JOINT BASE BALAD, Iraq, - When deciding to enlist into the Louisiana National Guard in July 2001, Sgt. Daniel Butts didn’t realize that he would be entering military service just 45 days prior to the worst acts of terrorism ever carried out in the United States.
Nine years after that event and with much of the enemy activity drastically reduced, he was finally called to help transport commodities throughout the war-torn provinces of Iraq.
Butts is assigned as an assistant convoy commander with the 199th Forward Support Company, 3rd Battalion, 156th Infantry Regiment, 3rd Sustainment Brigade, 103rd Sustainment Command (Expeditionary). He and Sgt. Derick Woods, a convoy commander with the 199th FS Company, supervises 21 soldiers, six Mine Resistant, Ambush Protected vehicles, a recovery element, and up to 45 civilian-driven tractor trailers.

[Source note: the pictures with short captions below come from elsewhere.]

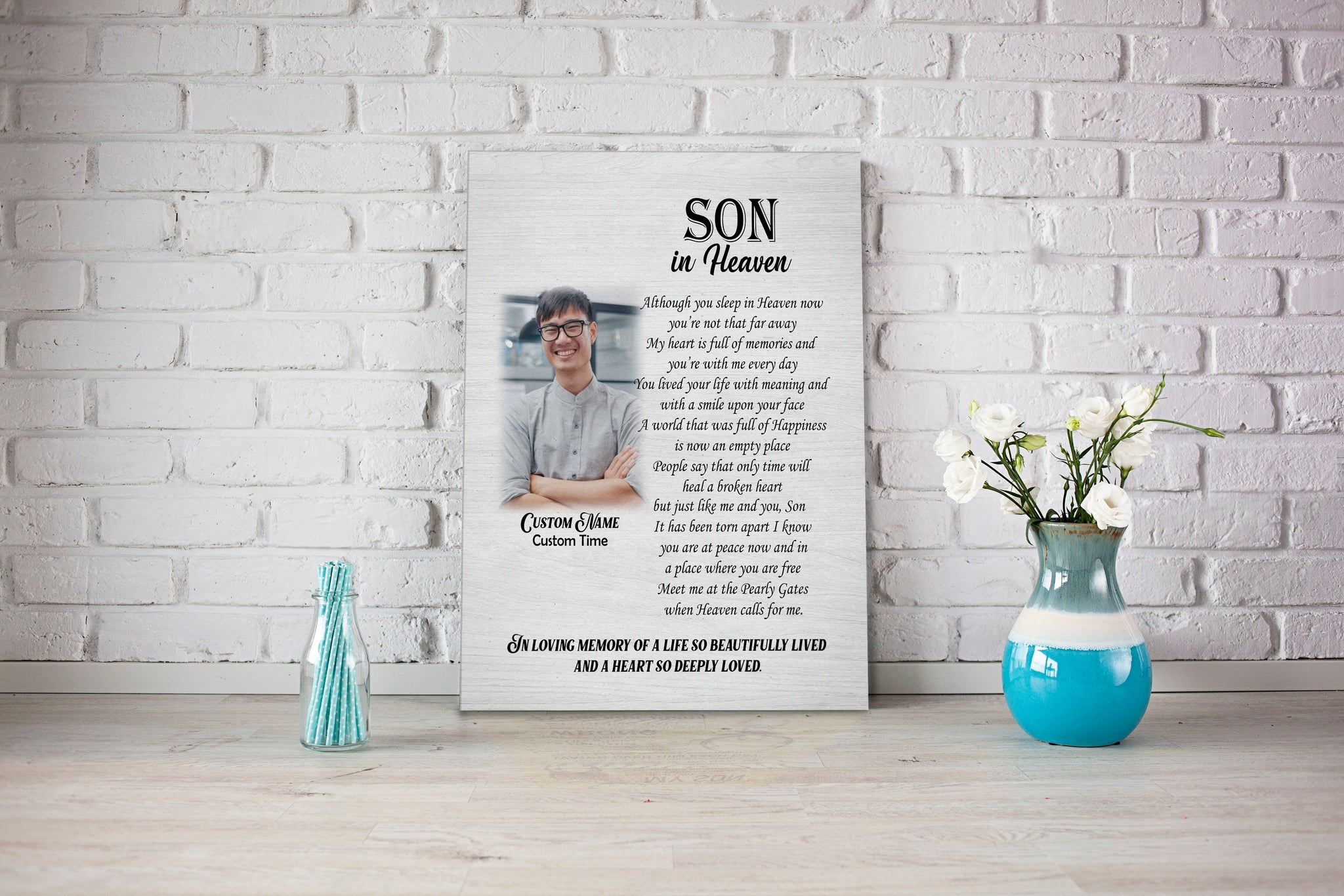 Son Remembrance Canvas - Son In Heaven Personalized Memorial Canvas for Son Sympathy Gift for Loss of Son In Loving Memory of Son Wall Art Bereavement Condolence Keepsake Canvas - JC758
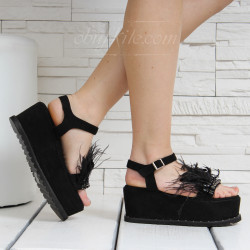 ДАМСКИ САНДАЛИ НА ПЛАТФОРМА - 8019327 BLACK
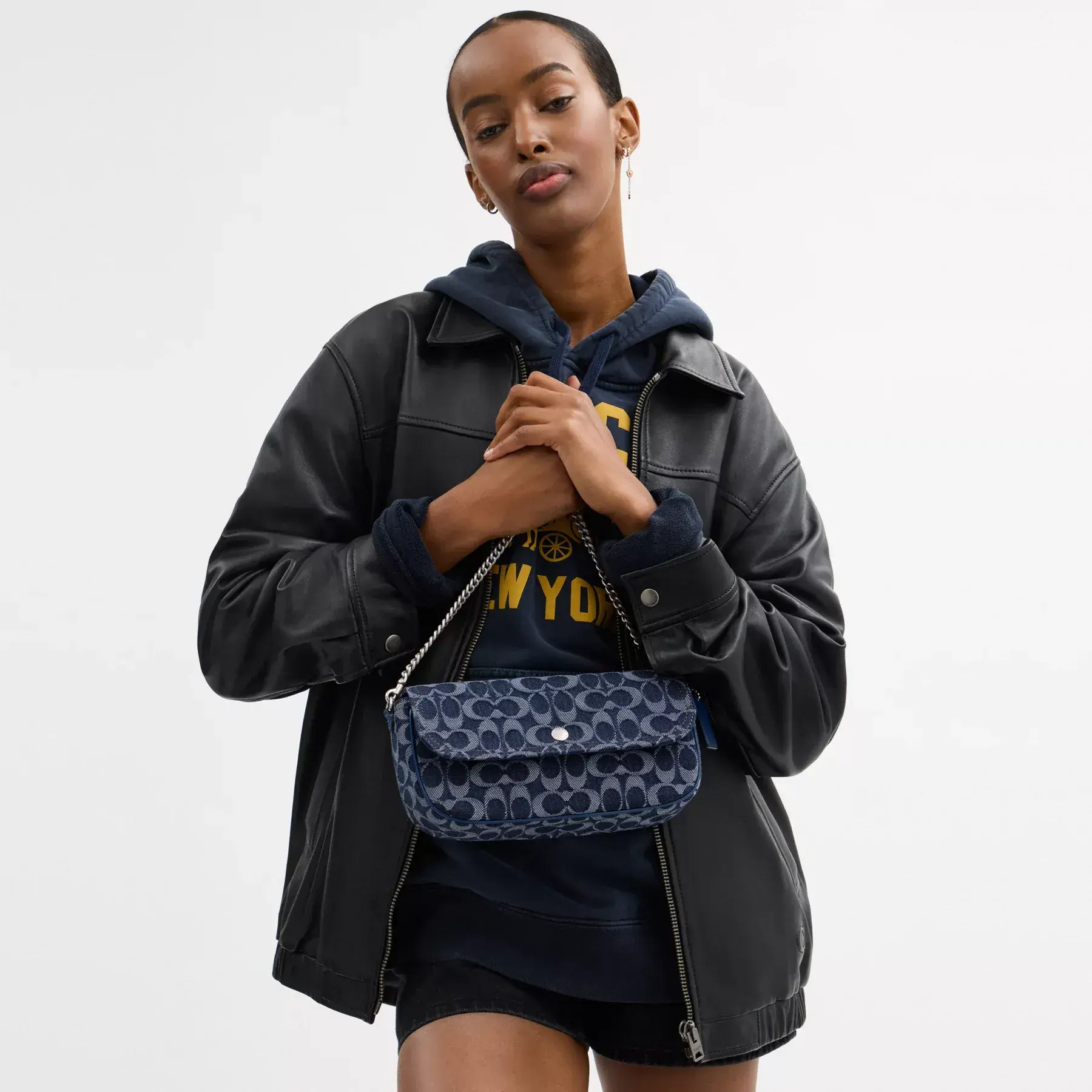 Brook Flap Chain Bag In Signature Denim Deep Blue Multi Brook Flap Chain Bag In Signature Denim Deep Blue Multi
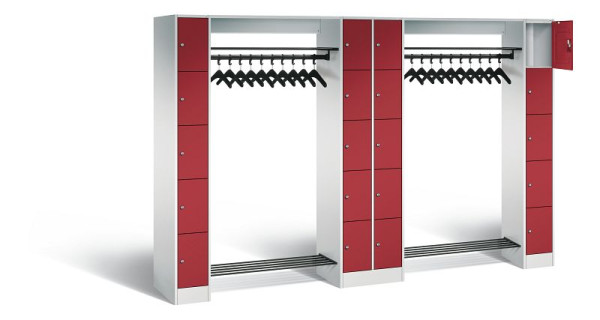 C+P Offene Garderobe Serie 8070, H1950xB2840xT480mm, Farbe: Lichtgrau / Rubinrot, 80730-20 S10022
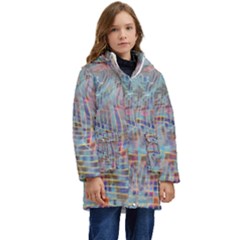 Pattern Texture Design Kid s Hooded Longline Puffer Jacket by artworkshop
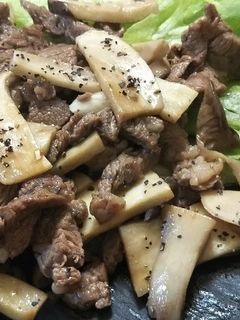 牛肉とエリンギのニンニク炒め-レシピのメイン写真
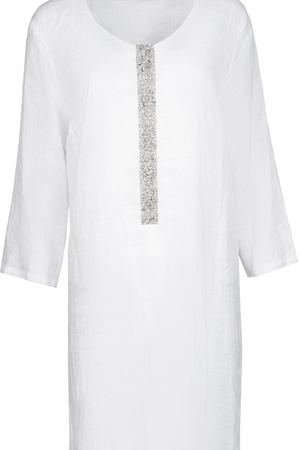 Льняное платье 120% Lino 120% Lino NOW4616-B317-0-02 Белый купить с доставкой
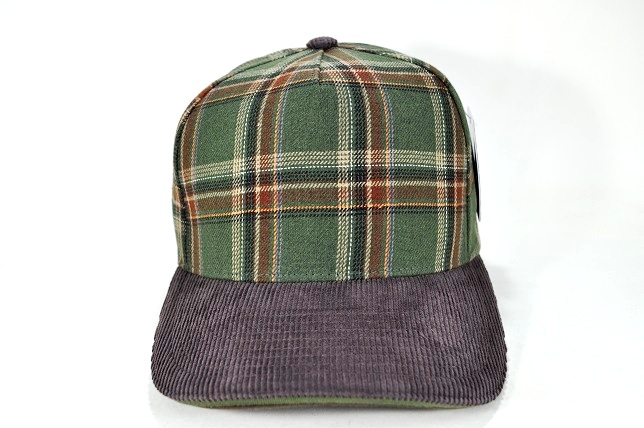 PLAID-101 5PANEL PLAID SANDWICH VISOR - OLIVE/BROWN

“Communication and teamwork are the keys to the delivery of commodities and the safe return of all members of any convoy,” said Woods, who has three deployments to his credit.
Butts relied on Woods’ prior experience in the beginning, but held his own after getting a few missions under his belt.
“We work as a team on this CET, and everybody has a role assigned to them,” said Butts.
Some soldiers in the company call Woods and Butts “Batman and Robin,” clearly a reference to the way they function during missions. Together, they have accumulated more than 60 missions and thousands of miles of dangerous territory in support of the responsible drawdown of troops.
Although there has been a heavily publicized withdrawal of combat troops within the region, the duo is adamant about not letting the change affect them.
“Nothing will change concerning the way we conduct business,” said Woods.
“It doesn’t matter if there are 200,000 troops or 20,000 troops, CET 1-1 will operate the way we were trained,” added Butts. “The goal is to get all of my soldiers back home safely.
"Even with the troop drawdown, we still will maximize our ability to sustain by integrating lessons learned from other units and sharpshooting our soldiers’ minds for alertness before, during and after missions.”
They have only a few months left to carry out their duties, but the duo refuses to celebrate too early.